Em Março de 2014, o ex-ministro da Administração Interna enviou do seu email de serviço um caderno de encargos do concurso público para operação e manutenção dos helicópteros ao seu amigo e antigo sócio Jaime Gomes. Faltavam três meses para o concurso ser oficialmente aberto, o que o deixava numa posição privilegiada em relação a outros potenciais interessados no concurso. O Departamento Central de Investigação e Acção Penal (DCIAP), que conduziu o inquérito dos Vistos Gold, diz que Macedo não o fez apenas por amizade mas porque respondia a “uma parceria informal de natureza lucrativa”.
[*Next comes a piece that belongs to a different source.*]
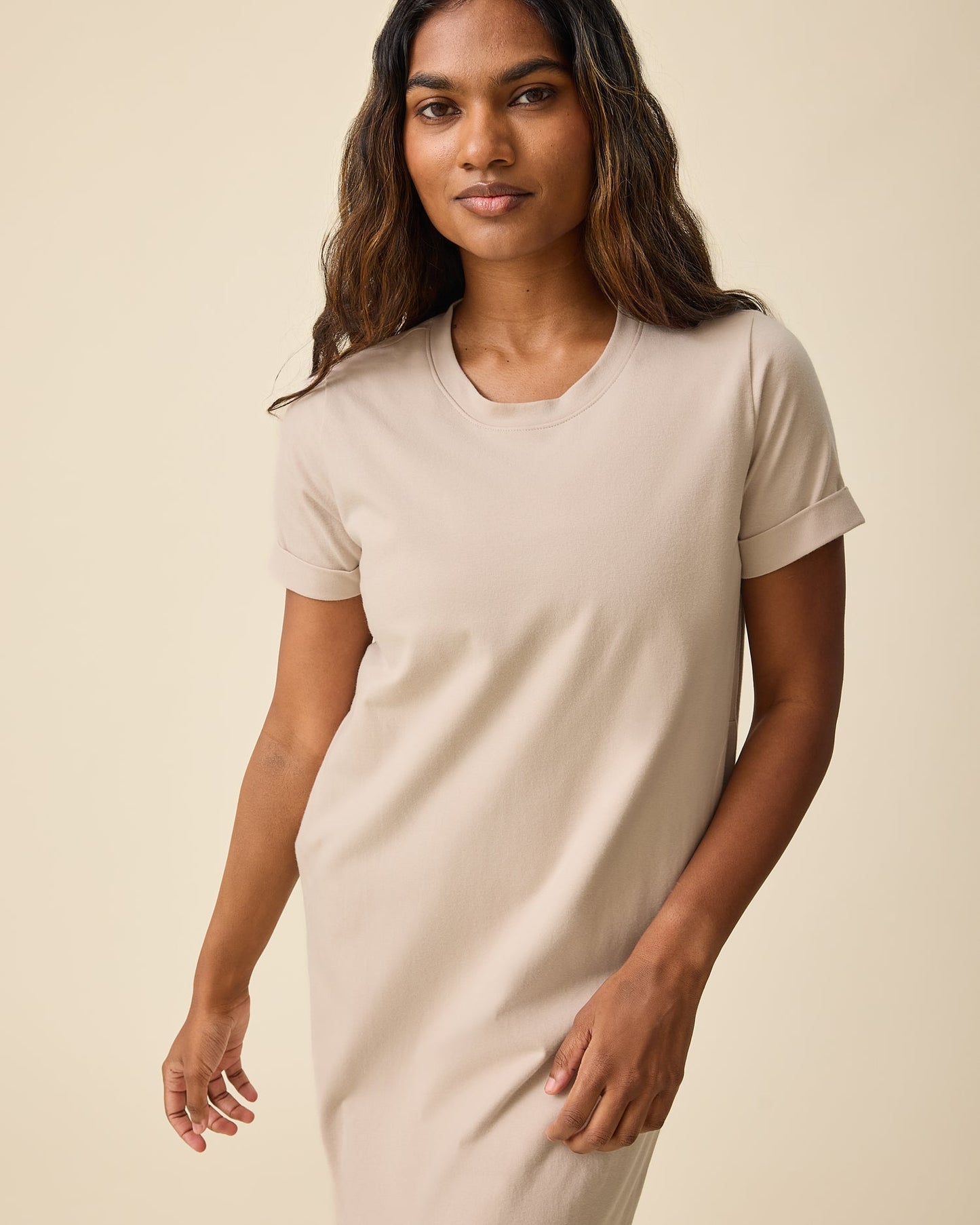Classic Nursing T-shirt Mini Dress | Sand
Porquê? Porque Miguel Macedo saberia dos interesses comerciais do grupo Fassa e conhecia as relações entre o CEO do Fassa e Jaime Gomes, por intermédio de representantes da empresa Fitonovo, que viria a ser subcontratada pela Everjets, a empresa vencedora do concurso. E como é que o saberia? O Ministério Público explica no despacho de acusação: porque o próprio Miguel Macedo, enquanto sócio da empresa JMF, mantivera relações de natureza comercial com a Fitonovo. E terá recebido cerca de 7 mil euros da JMF, em Dezembro de 2011, numa data em que já era ministro, dinheiro esse alegadamente proveniente de um montante de 31 mil euros facturado precisamente à Fitonovo.
Miguel Macedo não respondeu às tentativas de contacto da VISÃO.
Miguel Macedo foi sócio da JMF até Janeiro de 2011, em parceria com Jaime Gomes, Luís Marques Mendes e Ana Luísa Figueiredo, que seria, na opinião do Ministério Público, uma mera testa-de-ferro do pai, António Figueiredo (ex-presidente do Instituto dos Registos e Notariado e alegado cabecilha da alegada rede de corrupção em torno dos Vistos Gold). A única actividade conhecida da empresa – que viria a cessar atividade em 2013 – é a celebração de um contrato, em Dezembro de 2009, com a Fitonovo. Que consistia no quê? “Na facilitação de contactos privilegiados, no âmbito da contratação pública”.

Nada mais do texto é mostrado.